Alberto Cairo’s five qualities of great visualisations

1. Truthful

All visualisations above are truthful. I did not hide any data or leave any important data points out. Although the data before April 2018 showed an even bigger divide on Black vs. White ethnicities, I left all months before that out because, e.g. March 2018 considered only 19 data points for Black and 11 for White. This may have yielded an even better message but the truth is that this data is not representative as all other months have several thousand data points.

2. Functional

I used several techniques to simplify the data and make it clear as well as interesting without it being too complex. Firstly, I worked with different colours to make all plots better understandable. I used the same colours (e.g. per ethnicity) throughout all plots to make the data points easily understandable. I used maps to visualise the data in a familar format that allows an audience to easily understand the connection of the data to a location on a map.

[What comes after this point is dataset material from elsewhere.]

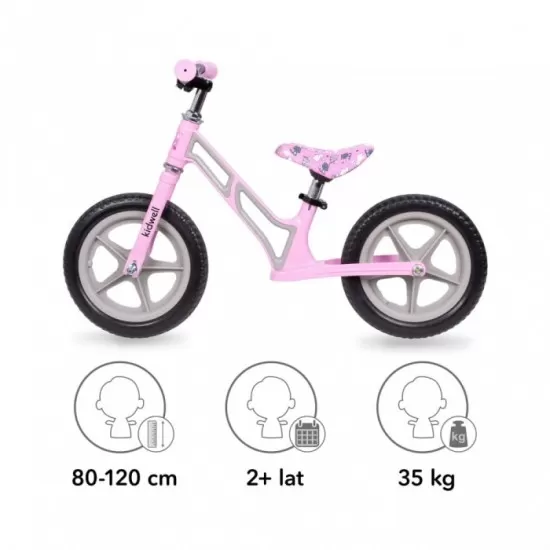 Bicicleta fara pedale cu cadru din magneziu Kidwell Comet - Pink Gray Bicicleta fara pedale cu cadru din magneziu Kidwell Comet - Pink Gray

I also used plotly to make visuals simple at first sight but allow the audience to find out more about the details of a plot if they want to.

3. Beautiful

I created all plots with specific focus on the little details to make them beautiful. I used bright colours for the data that is supposed to attract attention and interest and subtle colours for all background information or data that was not relevant to attract immediate attention. I used a clear and simple but beautiful font and made sure that all elements are cohesive in size and format.

4. Insightful

I went beyond the obvious plots to show interesting patters in the data. This is especially true here: In the plot “No racial bias towards Asian ethnicities”, it seems almost as if there is an equal share of White and Black people targeted. Nevertheless, I eliminated all data points with people of Asian ethnicities to investigate this further. This enabled me to find and show the significant difference between share of Black and White people targeted throughout 2018. Further, this plot “Bias towards Black ethnicities was addressed” shows how the divide ever since evened out and today, actually slightly more White people are targeted.

5. Enlightening

I believe that, although the article from The Guardian “Met police ‘disproportionately’ use stop and search powers on black people” is from 2019, it is still commonly believed that the police stopps more Black than White people - at least so did I. I am certain that a lot of people do not know that this issue has been addressed and is slowly being improved over time. This is an enlightening insight that helps people understand and change their mind about expectations that were formed at the beginning of this analysis when the The Guardian article was introduced.

C.R.A.P. principles

1. Contrast

I used several contrasting colours to distinguish and highlight different items. For example, I used green for Asian ethnicities, red for Black and blue for White throughout the analysis. This shows that these are different items (ethnicities) within a plot. The three objects of search in the last plot are also contrastingly coloured to show their difference. Further, in the “No racial bias towards Asian ethnicities” plot, I faded out the Black and White ethnicity bar stacks because the attention is supposed to be driven to the Asian ethnicity bars.

2. Repetition

I used a repetitive plot design and format throughout the entire analysis, enabling visual recognition of these visualisations as part of a whole. I used the same font in all plots, repeating the same boldness and lightness for each plot element. I used the same colour scheme for all elements in each plot, most importantly, always using green for Asian ethnicities, red for Black and blue for White.

3. Alignment

All elements within the plots and all plots among each other (when several plots are in one visualisation) are aligned to show their visual connection.

4. Proximity

I designed all plots in a way that elements that are associated with each other are placed closely together. For example, in the “Bias towards Black ethnicities plot”, each text field is close to the month/time period it describes.